WARNING: This repository is not under active development. All code is experimental, it was shared with educational purposes. Use at your own risk!

Quick start

This is a small C++ property testing tool for automatically generating arbitrary JSON documents (e.g. configurations) that satisfy all properties in a user-provided JSON Schema.

Benefits:

  • Automatic testing over high number of input combinations.
  • Declarative description of input type and restrictions (e.g. boundary limits, size limits, etc.)
  • "Dangerous" input combinations are prioritized.

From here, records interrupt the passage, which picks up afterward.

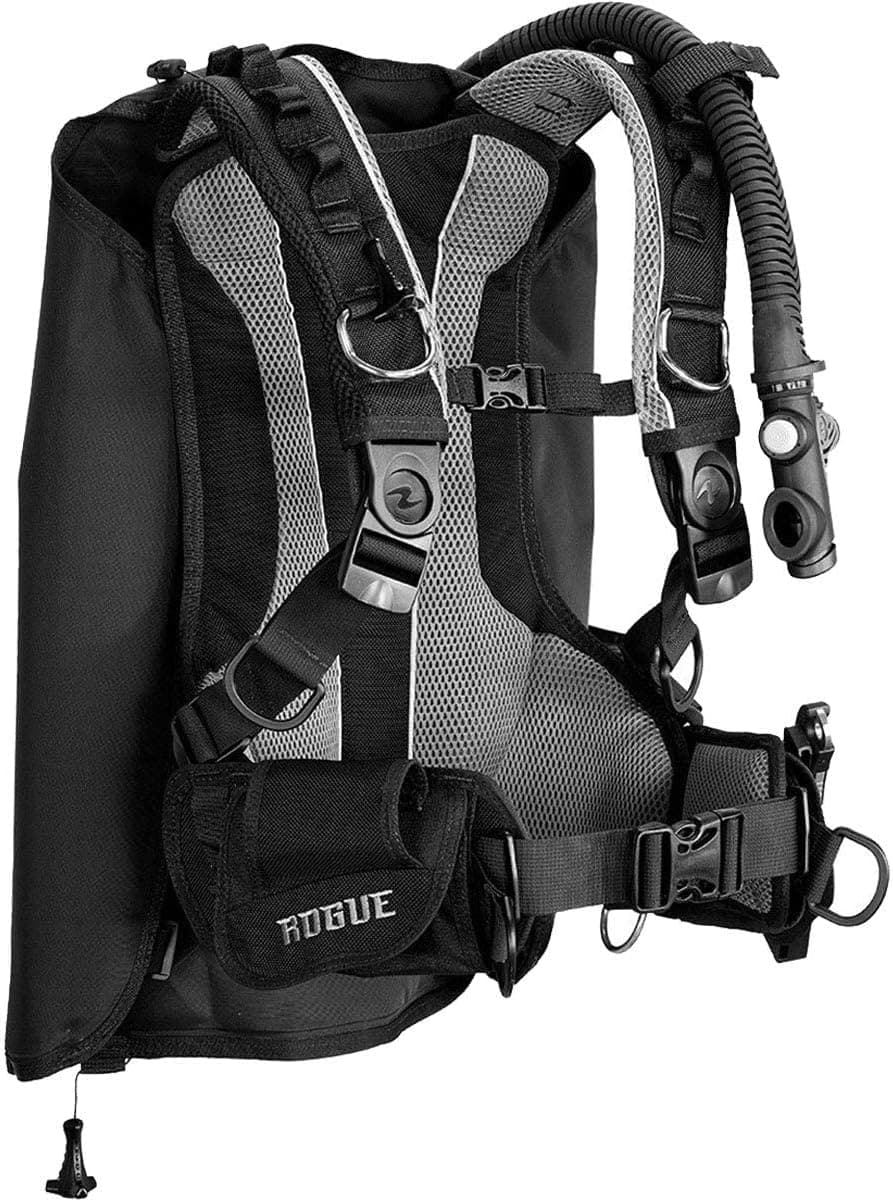 BCD Rogue de Aqualung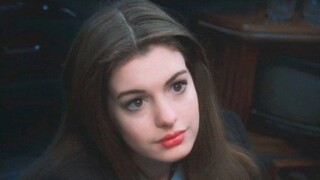 [Film&TV] Anne Hathaway in The Princess Diaries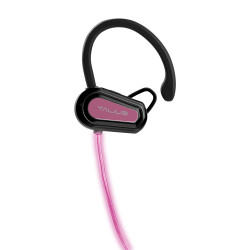 Talius intrauricular EA-1004BT sport bluetooth Led pink - TAL-EA1004BT-PIN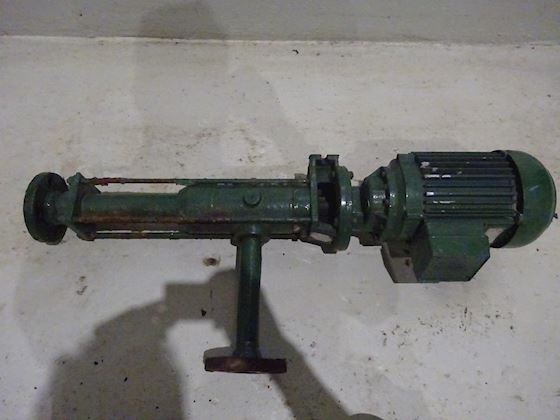 Allweiler AG ANB P 6.2 E21 G00 #2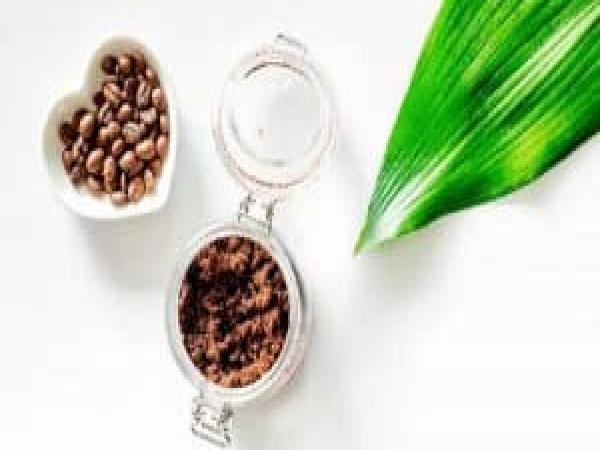 Tẩy da chết cà phê dầu dừa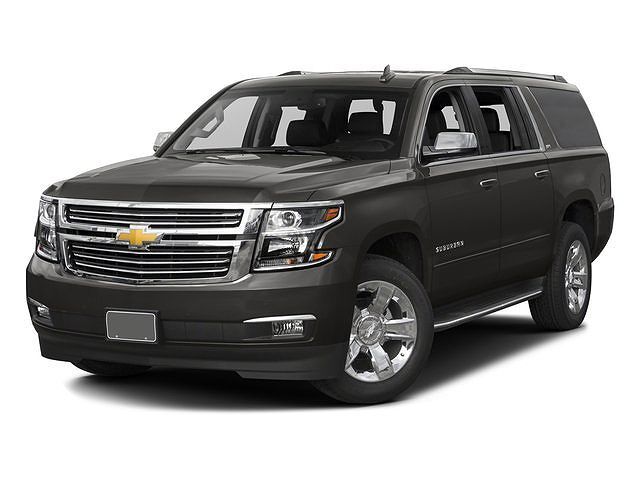 2016 CHEVROLET Suburban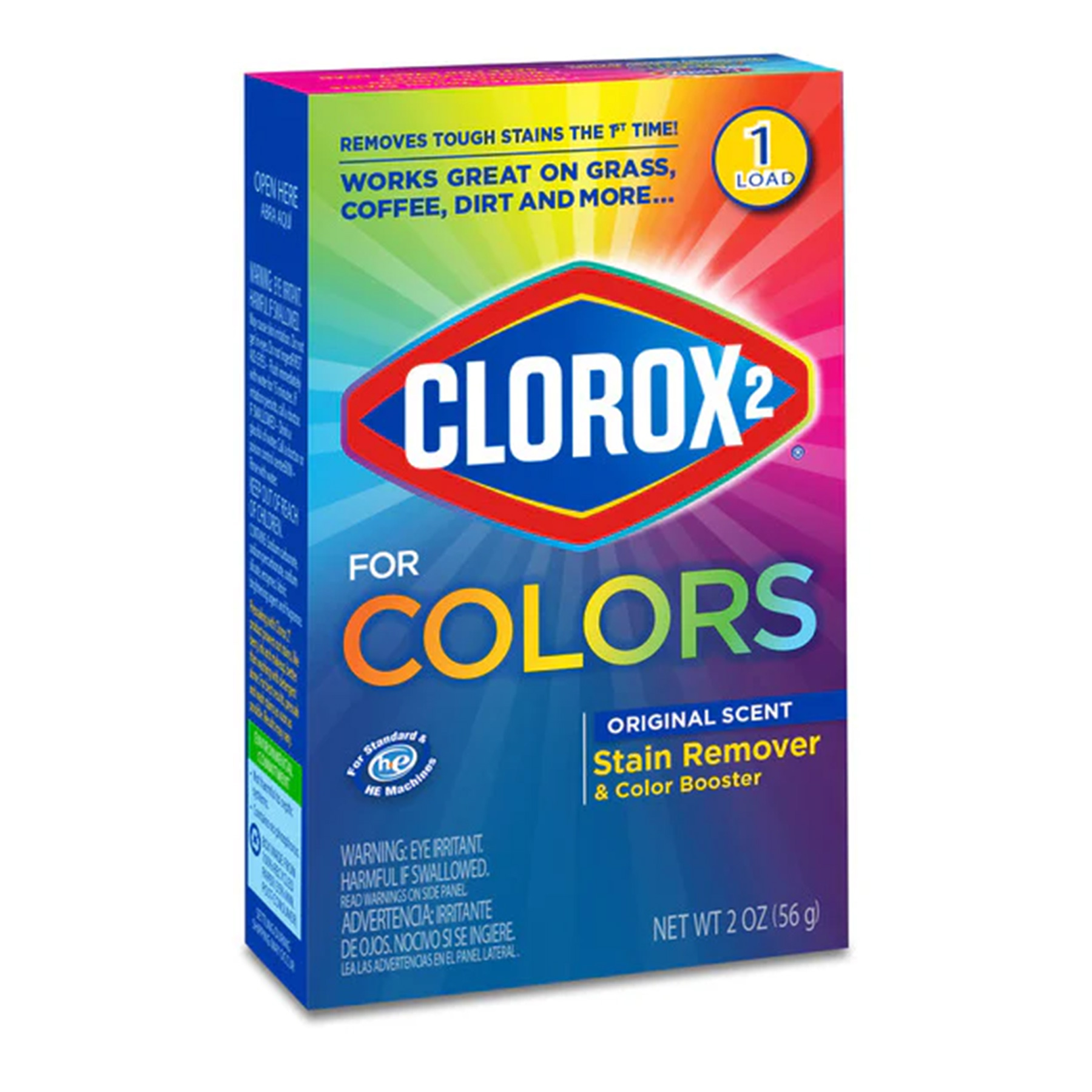 CLOROX II 154/CS.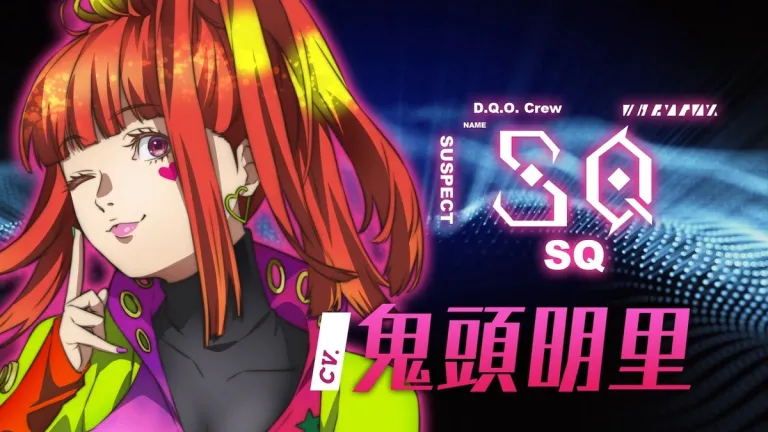 El anime de GNOSIA revela a su elenco principal en nuevo tráiler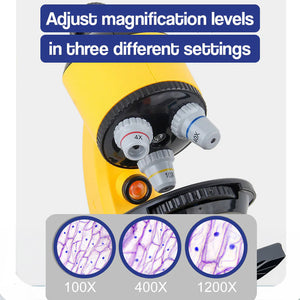 Multi Function Microscope Kit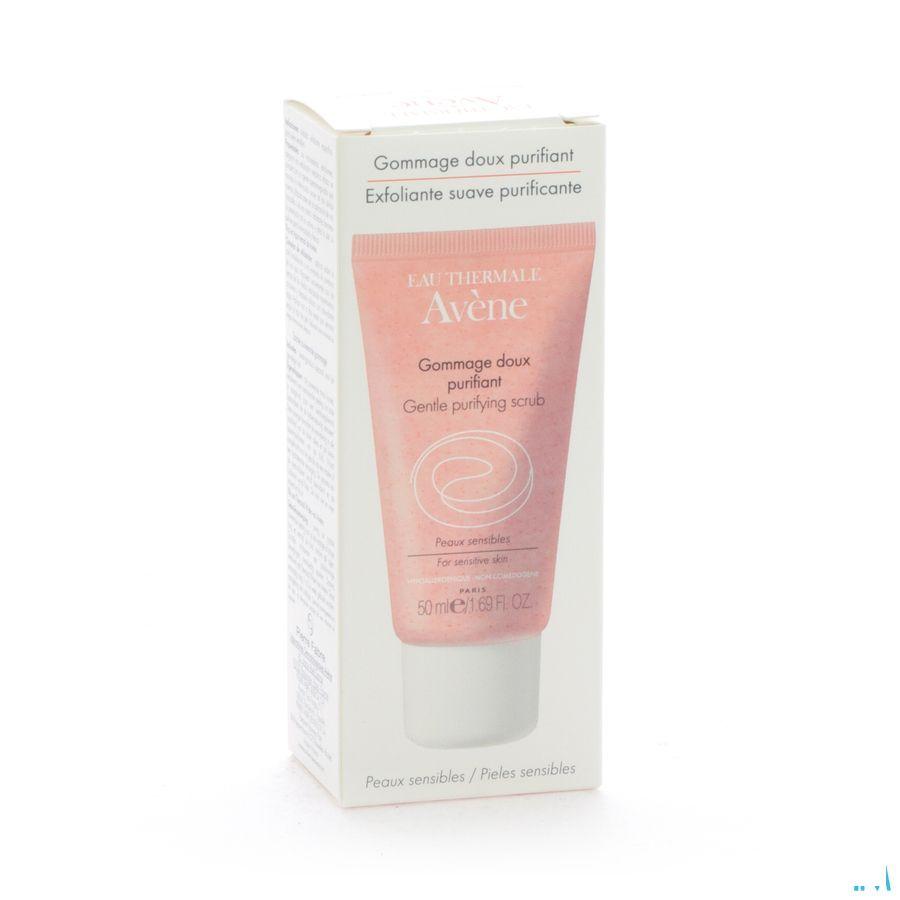 Avene Peeling Zacht Zuiverend 50 ml  -  Avene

Here, we explain demo1.cpp, a small demonstration of how the tool works.

To build and run:

$ xmake                                  # builds the code
$ ./build/linux/x86_64/release/demo1     # or: xmake run demo1

The demo contains the (faulty) implementation of a simple function that calculates the mean of two numbers (truncated to zero) stored in a JSON document. Calling mean with a JSON configuration like { "a" : 1, "b" : 5 } should result in (1+5)/2 = 6.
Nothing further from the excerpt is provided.